Splaaaatch ! La peinture rouge lui éclaboussa les pieds, le bas de sa tunique drapée, ses petits bras dorés et le bout du nez déjà taché. Je souris, fier de mon coup d’état, et agrippai un second pot de peinture. Je le lui jetai à la tête, puis bondis sur le chevalet pour lui faire face, toutes griffes dehors. J’ouvris la gueule et crachai. Ses pupilles s’étrécirent de peur sous la peinture noire ; il esquissa un mouvement de recul. Le chevalet branla sur ses deux pieds et s’effondra. Je m’en extirpai, arrachai la palette des mains du peintre, recroquevillé contre le mur du fond, et la fracassai contre ce même mur. Barbouillé de peinture noire, dorée et rouge, je repeignis la pièce entière. Je mâchonnai un bout de crayon traînant par là, arrachai la toile de son cadre et mordis dedans. Elle avait un goût infâme de produits chimiques et je m’empressai de recracher le morceau que j’avais en bouche. Je continuai ensuite à farfouiller, à la recherche d’une trouvaille plus intéressante.

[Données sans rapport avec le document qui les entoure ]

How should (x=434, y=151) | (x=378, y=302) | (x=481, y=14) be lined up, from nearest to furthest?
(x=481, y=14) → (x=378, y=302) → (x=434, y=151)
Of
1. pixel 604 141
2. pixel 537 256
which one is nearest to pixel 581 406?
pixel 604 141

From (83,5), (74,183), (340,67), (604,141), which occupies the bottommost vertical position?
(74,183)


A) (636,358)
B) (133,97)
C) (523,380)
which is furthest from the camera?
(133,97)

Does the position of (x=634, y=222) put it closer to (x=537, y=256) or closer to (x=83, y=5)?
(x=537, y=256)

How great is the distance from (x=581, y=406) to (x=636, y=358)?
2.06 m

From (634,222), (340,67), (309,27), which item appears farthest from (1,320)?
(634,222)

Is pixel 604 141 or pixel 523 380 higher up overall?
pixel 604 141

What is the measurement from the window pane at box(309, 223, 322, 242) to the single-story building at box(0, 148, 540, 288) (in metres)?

 Je tournai la tête ; le peintre était parti. Dommage. Je regrettais seulement de ne pas avoir eu l’intelligence de lui crever les yeux pendant que j’en avais encore l’occasion. Tant pis. Une prochaine fois peut-être. Oh, tiens ? Un bout de pain tombé par terre. Je le mis en bouche mais le recrachai aussi avec une mine dégoûtée : il avait trempé dans la peinture, et j’avais failli m’étouffer avec. Il n’y avait donc rien de mangeable là-dedans ?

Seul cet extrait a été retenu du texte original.